On one hand, it seemed intended to communicate to the public that the administration will do whatever it needs to do to bring home wrongfully detained Americans.

But such a public overture also risks weakening the administration's negotiating hand to the extent it makes the U.S. look overly desperate for a deal, or signals to other countries that it is willing to meet potentially unreasonable demands.

SO WILL THE DEAL TAKE PLACE?

It's hard to say, but the contact between Blinken and Lavrov does suggest more progress than has been made before. It also reinforces the idea that the two countries are willing to maintain communication despite extraordinary tensions related to Moscow's invasion of Ukraine.

Griner is the most prominent American detained by a foreign country. She is a two-time Olympic gold medalist detained since February when police said they found vape cartridges containing cannabis oil in her luggage at an airport in Moscow. And though some Republicans including former President Donald Trump have expressed opposition to a deal, the conviction and sentence will only ramp up pressure on the administration to reach an agreement that can get her out soon.

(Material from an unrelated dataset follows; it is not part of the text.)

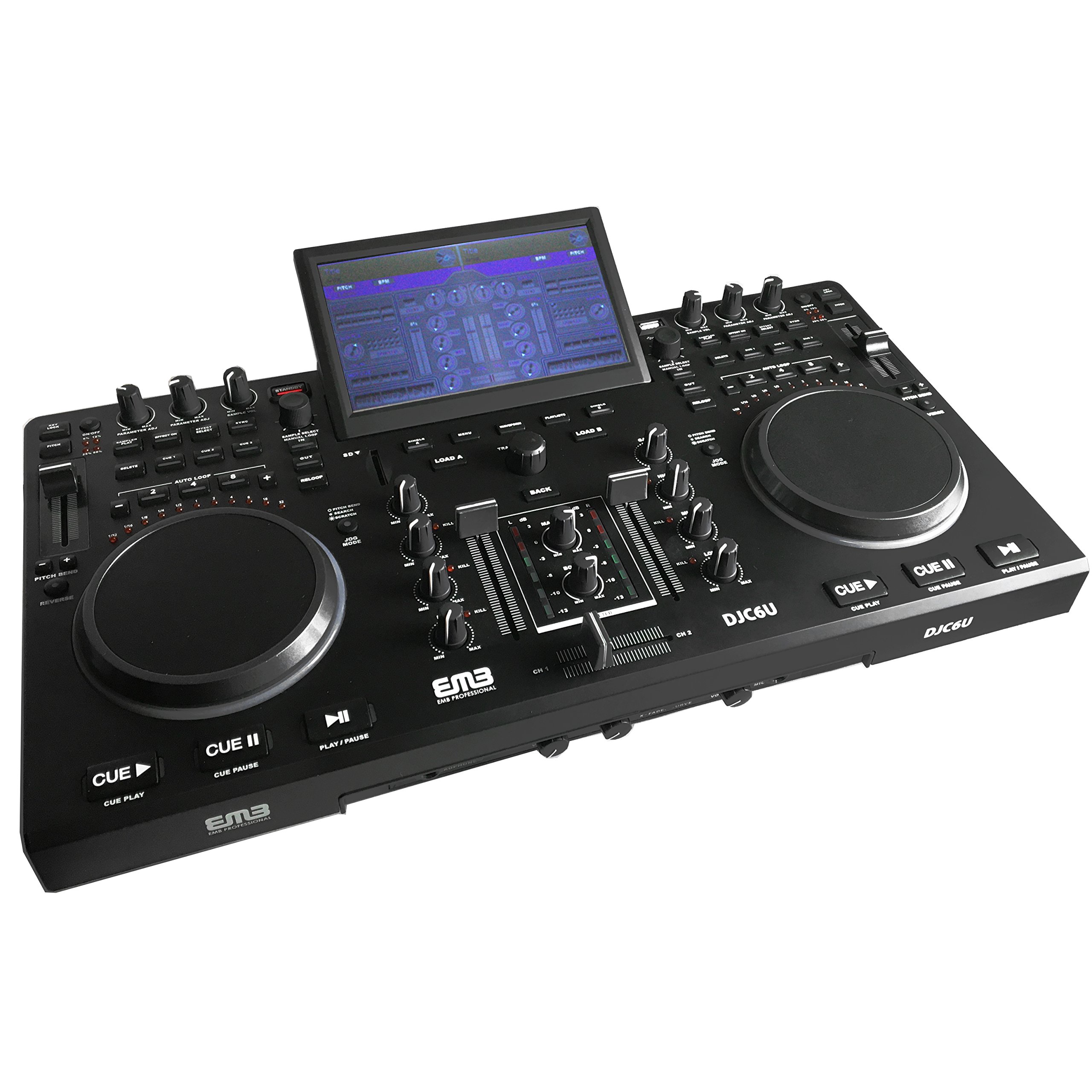 Emb Djc6u Professional Controller Dj Mixer W Usb Sd Slot 2 Jog Wheels Scratching Controlling With Tft Display Buy Online In United Arab Emirates At Desertcart Ae Productid 33552729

“Today’s sentencing of Brittney Griner was severe by Russian legal standards and goes to prove what we have known all along, that Brittney is being used as a political pawn,” Lindsay Kagawa Colas, Griner's agent, tweeted Thursday.

She said getting a deal done for Griner and Whelan, a Michigan corporate security executive imprisoned on an espionage conviction he and his family says is baseless, may be difficult but it is “urgent” and the “right thing to do.” The U.S. government also regards Whelan as wrongfully convicted.

For their part, Russian authorities have suggested that they regard a conviction as basically a prerequisite for a prisoner swap.

On Thursday, President Joe Biden again urged Russia to release Griner immediately.

“My administration will continue to work tirelessly and pursue every possible avenue to bring Brittney and Paul Whelan home safely as soon as possible,” he said in a statement.